Essa fu poi rafforzata dal convegno di Pisa del 1839, un convegno così limpidamente «nazionale» da essere oggetto di preoccupazione per i governanti locali: gli austriaci nel Lombardo Veneto, la gerarchia ecclesiastica nell’Italia centrale e a Roma, i Borboni nel Regno delle Due Sicilie. La scelta di Pisa fu dovuta alla lungimiranza del Granduca Leopoldo II di Toscana, ma anche alla genuina e appassionata dedizione di Carlo Luciano Bonaparte, che aveva ravvisato nella riunione dei naturalisti tedeschi a Friburgo di Brisgovia il modello per far compiere un salto in avanti alla collaborazione tra gli scienziati italiani, che trovavano il coraggio di superare i confini ristretti degli staterelli esistenti.

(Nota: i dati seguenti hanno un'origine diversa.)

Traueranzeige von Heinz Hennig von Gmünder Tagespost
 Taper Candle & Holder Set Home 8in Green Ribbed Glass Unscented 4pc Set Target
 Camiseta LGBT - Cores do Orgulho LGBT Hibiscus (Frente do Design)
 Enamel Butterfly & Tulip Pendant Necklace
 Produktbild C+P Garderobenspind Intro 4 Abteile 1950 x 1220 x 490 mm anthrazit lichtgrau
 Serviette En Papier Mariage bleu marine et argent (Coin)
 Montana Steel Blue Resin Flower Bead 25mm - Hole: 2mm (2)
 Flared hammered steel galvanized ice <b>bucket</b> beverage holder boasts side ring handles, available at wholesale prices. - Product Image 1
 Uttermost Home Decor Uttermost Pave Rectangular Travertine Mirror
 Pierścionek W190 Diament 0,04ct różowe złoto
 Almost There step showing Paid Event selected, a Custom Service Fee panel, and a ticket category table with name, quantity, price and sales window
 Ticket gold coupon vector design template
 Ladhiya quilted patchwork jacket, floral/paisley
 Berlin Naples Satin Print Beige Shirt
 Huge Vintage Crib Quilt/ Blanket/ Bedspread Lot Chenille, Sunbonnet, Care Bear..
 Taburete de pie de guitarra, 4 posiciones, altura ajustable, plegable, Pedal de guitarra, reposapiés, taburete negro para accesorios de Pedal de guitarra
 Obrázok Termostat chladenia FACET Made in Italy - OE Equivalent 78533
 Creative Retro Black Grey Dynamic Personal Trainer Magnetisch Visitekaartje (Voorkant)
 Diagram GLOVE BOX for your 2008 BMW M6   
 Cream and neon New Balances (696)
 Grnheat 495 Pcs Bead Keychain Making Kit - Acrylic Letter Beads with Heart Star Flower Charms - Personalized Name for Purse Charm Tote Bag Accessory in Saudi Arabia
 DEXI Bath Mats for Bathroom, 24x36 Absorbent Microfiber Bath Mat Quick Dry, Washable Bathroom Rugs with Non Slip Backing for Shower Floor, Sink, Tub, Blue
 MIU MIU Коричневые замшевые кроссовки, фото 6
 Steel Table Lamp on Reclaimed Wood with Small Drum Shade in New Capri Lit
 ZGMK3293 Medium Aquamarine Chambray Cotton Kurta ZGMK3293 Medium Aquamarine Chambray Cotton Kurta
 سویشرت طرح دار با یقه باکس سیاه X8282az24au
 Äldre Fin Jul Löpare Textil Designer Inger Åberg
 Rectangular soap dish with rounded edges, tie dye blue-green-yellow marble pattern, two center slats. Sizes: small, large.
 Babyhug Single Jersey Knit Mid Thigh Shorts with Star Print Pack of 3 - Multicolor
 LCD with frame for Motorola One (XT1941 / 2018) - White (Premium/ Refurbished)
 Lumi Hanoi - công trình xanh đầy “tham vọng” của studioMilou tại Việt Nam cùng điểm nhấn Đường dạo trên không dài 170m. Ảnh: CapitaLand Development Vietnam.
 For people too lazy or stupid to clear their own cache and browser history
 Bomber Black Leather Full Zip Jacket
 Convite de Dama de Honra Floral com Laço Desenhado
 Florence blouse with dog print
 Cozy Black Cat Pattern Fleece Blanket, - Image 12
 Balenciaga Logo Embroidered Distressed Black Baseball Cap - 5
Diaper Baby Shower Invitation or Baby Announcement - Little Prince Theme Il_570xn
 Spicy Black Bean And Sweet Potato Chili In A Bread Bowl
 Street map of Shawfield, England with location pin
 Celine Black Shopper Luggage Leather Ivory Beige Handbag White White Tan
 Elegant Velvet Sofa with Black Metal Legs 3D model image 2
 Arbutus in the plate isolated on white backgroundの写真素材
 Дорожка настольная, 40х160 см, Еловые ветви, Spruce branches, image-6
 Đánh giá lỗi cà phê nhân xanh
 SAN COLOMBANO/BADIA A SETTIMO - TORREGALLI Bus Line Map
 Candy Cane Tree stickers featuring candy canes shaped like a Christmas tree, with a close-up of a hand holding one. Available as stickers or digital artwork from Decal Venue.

Nonostante i timori dei governi locali, l’occasione si ripeté negli anni in tutta la penisola, a Torino (1840) come a Napoli (1845), e fu ripresa in quel convegno di Parma che nel 1907, a Italia ormai unificata, generò il progetto di un centro nazionale della scienza in Italia proposto da Vito Volterra e poi attuato nel 1923 con la nascita del CNR. L’ombra e l’immagine di Galileo Galilei, creatore del pensiero scientifico contemporaneo, ha accompagnato questa unificazione tutta speciale, spingendola sino a far pensare che la comunità scientifica non abbia confini e, come forza dell’umanità, possa riunire tutte le intelligenze del mondo.
Lo stato delle scienze in Italia
È indubbio che la scienza abbia fatto passi enormi nella conoscenza della realtà; ma dobbiamo chiederci se la comunità nazionale italiana, cui non sono mancati gli ingegni e i successi in anni anche più difficili degli attuali, continui con la dovuta energia a fare lo sforzo che quegli sviluppi richiedono.
E qui, qualche dubbio è più che lecito. Le scienze a scuola, lì dove si formano le giovani menti, sono assai emarginate e pedagogicamente appesantite. Le vicende storiche della scienza sono sostanzialmente assenti dall’insegnamento, sia della stessa scienza che ancor più della storia, proprio in quella fase di formazione dei giovani in cui ne sarebbe più importante la valorizzazione culturale. I giovani non vengono avviati a condividere nello studio della scienza quell’entusiasmo che pure molti di noi hanno provato in passato nel piacere di risolvere razionalmente i problemi della realtà.
La ricerca scientifica infine, anziché essere considerata il più auspicabile degli investimenti, è ritenuta solo una spesa, sia nel settore pubblico che in quello privato. Lo spazio dedicato alla scienza nell’informazione mediatica è minimo e di scarsa incisività. L’opinione pubblica è distratta da cronache di qualità culturale troppo spesso deplorevole, che alimentano nei singoli individui un illusorio desiderio di apparire più che di essere.
E c’è chi accusa la comunità scientifica di «scientismo», di «freddezza», di «astrusità», persino di essere portatrice di pericoli; quando non si avanza addirittura il sospetto che si voglia far progredire la scienza non per il bene dell’umanità, ma al solo scopo di difendere posizioni volgarmente accademiche.
Non sprecare gli ingegni
Vogliamo, compatti e in nome di una comunità senza confini e differenze, che questo stato di cose finisca e che il Paese rivolga la sua attenzione agli ingegni che stanno cercando una collocazione che sentono come a loro dovuta. Per questo, sottoscriviamo questa celebrazione trasformandola in appello, sperando che chi ne ha il potere l’accolga e la faccia sua. Primo fra tutti il Presidente della Repubblica. Da noi, riuniti in un così coinvolgente ricordo, l’impegno a fare tutto ciò che potremo per uscire dall’assuefazione e dalla rassegnazione.